Checkliste für rechtssichere Video-Testimonials
- Leere Einwilligungs-Kästchen, die aktiv angekreuzt werden
- Getrennte Zustimmung nach Website / Social Media / Werbung
- Protokoll mit Zeitstempel als Nachweis
- Einfacher Widerrufs-Weg für jeden Einreicher
- Automatische Löschung bei Widerruf
- Daten möglichst in der EU speichern
In der Praxis: Genau diese Punkte muss niemand von Hand lösen. Vertrauly hat die Einwilligung (granular, protokolliert) und den Widerrufs-Link fest eingebaut — Video-Testimonials sammeln per Link, DSGVO-konform, Hosting in Deutschland.
So funktioniert Vertrauly →Häufige Fragen
Brauche ich für ein Kundenvideo eine schriftliche Einwilligung?
Eine mündliche Zusage ist nicht verboten, aber praktisch wertlos: Nach Art. 7 Abs. 1 DSGVO musst du die Einwilligung nachweisen können. Ohne Protokoll mit Zeitstempel stehst du ohne Beleg da, sobald jemand seine Zustimmung bestreitet oder widerruft.
Reicht ein vorangekreuztes Häkchen als Einwilligung?
Nein. Der Europäische Gerichtshof hat entschieden, dass ein voreingestelltes Kästchen keine wirksame Einwilligung ist. Die Person muss selbst aktiv zustimmen — ein leeres Kästchen, das sie ankreuzt.
Darf ich ein Kundenvideo auch auf Instagram zeigen, wenn es für die Website aufgenommen wurde?
Nur, wenn die Einwilligung das ausdrücklich abdeckt.

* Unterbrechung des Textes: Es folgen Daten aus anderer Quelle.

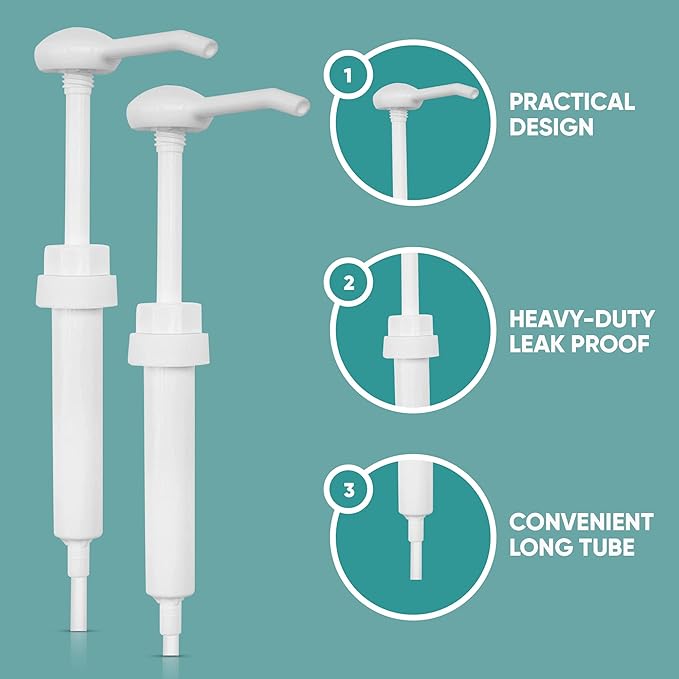 Gallon Pump Dispenser - Dispenses 1 Ounce Per Stroke - for Plastic or Glass Bottles – Heavy-Duty Leak Proof for Commercial and Household Use – BPA Free 38/400 (Pack of 4)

Website, Social Media und Werbung sind getrennte Zwecke und brauchen getrennte Zustimmung. Wer für die Website fragt und danach auf Instagram postet, hat für diesen Kanal keine Erlaubnis.
Was passiert, wenn ein Kunde seine Einwilligung widerruft?
Der Widerruf ist jederzeit und ohne Begründung möglich, mit Wirkung für die Zukunft (Art. 7 Abs. 3 DSGVO). Das Video muss dann zeitnah von der Website verschwinden und gelöscht werden. Der Widerruf muss dabei genauso einfach sein wie die Einwilligung — also ein Weg, den der Einreicher selbst gehen kann.
Müssen die Videos in der EU gespeichert werden?
Vorgeschrieben ist es nicht in jedem Fall, aber es erspart den ganzen Aufwand rund um Drittlandübermittlungen. Wer Videos bei einem Anbieter außerhalb der EU speichert, muss diese Übermittlung zusätzlich rechtfertigen und in der Datenschutzerklärung benennen.
Hinweis: Dieser Ratgeber ist eine allgemeine Information und keine Rechtsberatung. Im Zweifel hilft eine kurze anwaltliche Prüfung deines konkreten Falls.